▶ **WORK INSTRUCTIONS**:
Find all the lines in the entries below that hold the word "with" and copy them.

▶ **THE INPUT**:
--- START ---
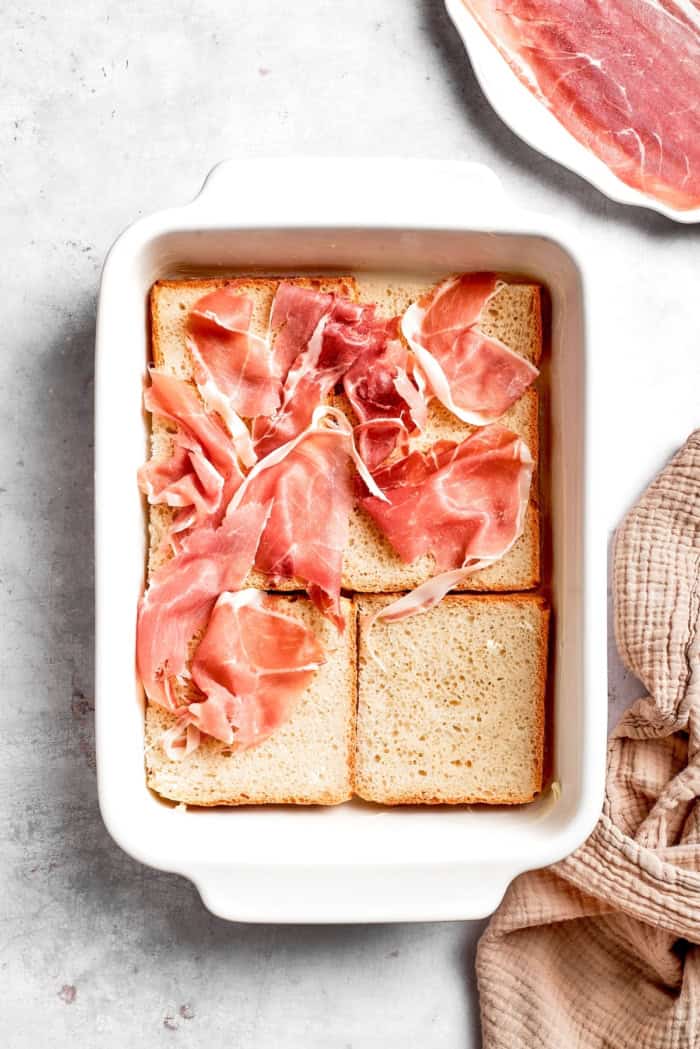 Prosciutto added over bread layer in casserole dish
--- END ---
--- START ---
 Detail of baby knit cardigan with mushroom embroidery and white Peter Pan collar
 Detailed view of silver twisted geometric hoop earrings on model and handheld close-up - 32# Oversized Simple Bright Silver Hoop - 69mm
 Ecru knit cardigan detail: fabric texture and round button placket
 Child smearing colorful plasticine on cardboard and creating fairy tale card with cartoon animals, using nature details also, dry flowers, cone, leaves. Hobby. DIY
--- END ---
▶ **REPLY TO THE EXERCISE**:
 Detail of baby knit cardigan with mushroom embroidery and white Peter Pan collar
 Child smearing colorful plasticine on cardboard and creating fairy tale card with cartoon animals, using nature details also, dry flowers, cone, leaves. Hobby. DIY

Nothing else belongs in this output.